Iniziarono così grandi processioni guidate da Raniero i cui partecipanti si facevano chiamare Flagellanti. Stando alla Lezenda, il Potestà di Perugia Orlandino Marescotti, avrebbe chiesto a Raniero di recarsi a Bologna, per portare anche laggiù la sua salvifica parola. Il fervore del frate fu più coinvolgente di quello di tutti gli altri predicatori precedenti e trascinò buona parte della popolazione, che si lasciò guidare da lui fino alla città felsinea. In realtà, più probabilmente l’esaltazione religiosa provocata dalla divulgazione della disciplina penitenziale stava diventando pericolosa per l’equilibrio sociale cittadino e la faccenda fu risolta dal Consiglio del Podestà con la proposta di un pellegrinaggio in Romagna ai primi di ottobre. Un allontanamento dunque che nella Lezenda fu trasformato in un moto spontaneo di divulgazione; da essa, infatti, risulta che dopo un lungo cammino segnato dal digiuno e dalla predicazione attraverso la Toscana e la Romagna, circondato da una moltitudine di penitenti, Raniero arrivò a Bologna il 10 ottobre del 1260.
Arrivato che fu cominciò ad ammaestrare le folle cittadine, trovando nella popolazione bolognese un attivo recettore di novità. La spinta riformista dell’ex-eremita fu tale che, in pochi mesi, costituì la Compagnia de’ Divoti, di cui sembra facessero parte più di ventimila persone. Secondo molti storici invece, sarebbero stati i discepoli del Beato ad espandere la Disciplina utilizzando la nomea di Raniero per autogiustificare il proprio operato. D’altra parte le notizie sul terziario francescano a Perugia si interrompono dal 1261 al 1266, un silenzio che potrebbe avvallare e avvalorare l’ipotesi della sua presenza in quegli anni in altre città dell’Italia centro – meridionale. Quali esse furono, purtroppo, non è dato sapere.

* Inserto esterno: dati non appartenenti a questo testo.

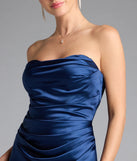 Turn heads at Prom 2025 in this navy blue prom dress, where statement-making details meet the iconic style of the Colette Strapless Mermaid Satin Formal Dress.
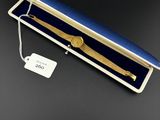 une montre en or dans un coffret bleu muni d'une étiquette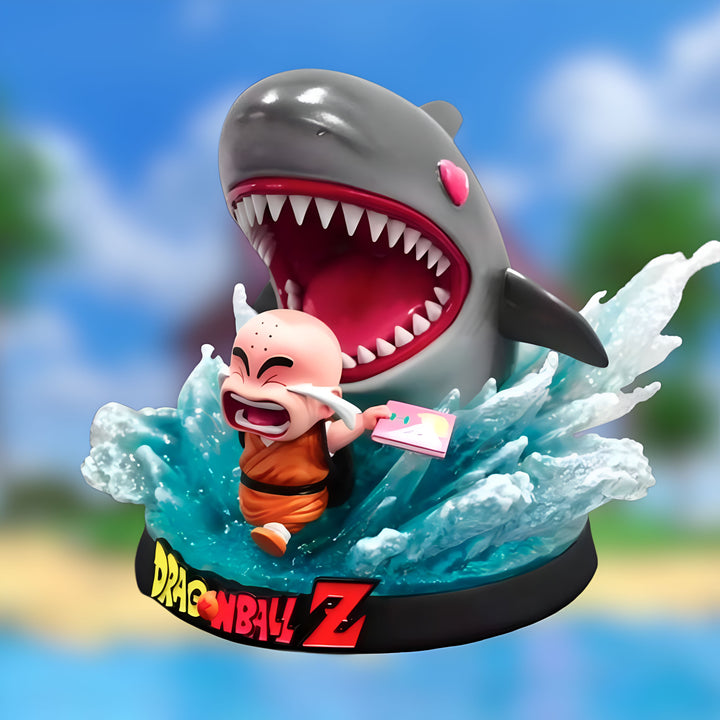 Une figurine de Krilin chevauchant un requin géant. Krilin est un personnage de la série Dragon Ball Z. Il est le meilleur ami de Son Goku. Krilin est un humain et il est très intelligent. Il est aussi très fort et il sait se battre. Le requin est un animal marin qui est très dangereux. Il a des dents très pointues et il peut manger les gens. Krilin est en danger mais il ne semble pas avoir peur. Il est prêt à se battre contre le requin.,FI-090087757X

L’approvazione delle gerarchie

Seguendo il filo della Lezenda, Raniero si sarebbe adoperato pazientemente per ottenere l’approvazione del suo operato da parte delle gerarchie ecclesiastiche bolognesi. Il placet arrivò il 15 febbraio 1261 con l’indulgenza concessa da papa Alessandro IV.
Successivamente il movimento prese forza e la Legenda narra che Raniero stabilì che l’assistenza ai poveri, ai malati e ai carcerati fosse doveroso per i devoti, perché in linea con i dettami evangelici: «Perché io ho avuto fame e mi avete dato da mangiare, ho avuto sete e mi avete dato da bere; ero forestiero e mi avete ospitato, nudo e mi avete vestito, malato e mi avete visitato, carcerato e siete venuti a trovarmi.». La Lezenda narra che, con la sola imposizione delle mani, guarì molte persone in modo miracoloso.
Il doversi occupare dei bisognosi creò la necessità di avere un luogo in cui accoglierli, curarli e nutrirli nonostante la povertà di risorse. Grazie alla donazione di una casa e di un po’ di terra nel centro cittadino da parte della ricca e pia Donna Dolce, nacque l’Ospedale della Vita.
Date le regole basilari della Compagnia, che furono presto approvate dagli statuti comunali, il Beato Raniero lasciò Bologna per tornare a Perugia, delegando il ruolo di guida ad un suo devoto discepolo, colui che in seguito verrà conosciuto come il Beato Bonaparte Ghisilieri.
Tornato alla sua città natale prese moglie ed ebbe alcune figlie e si stabilì a Fontenuovo, dove istituì un piccolo ospedale e un ricovero per bisognosi. Ben presto fu però sollecitato a chiudere la sua attività dall’autorità religiosa, che temeva azioni di disturbo dalla folla di disperati che si accalcava nel ricovero.
La morte del Beato avvenne probabilmente tra il novembre del 1281 e il marzo del 1283.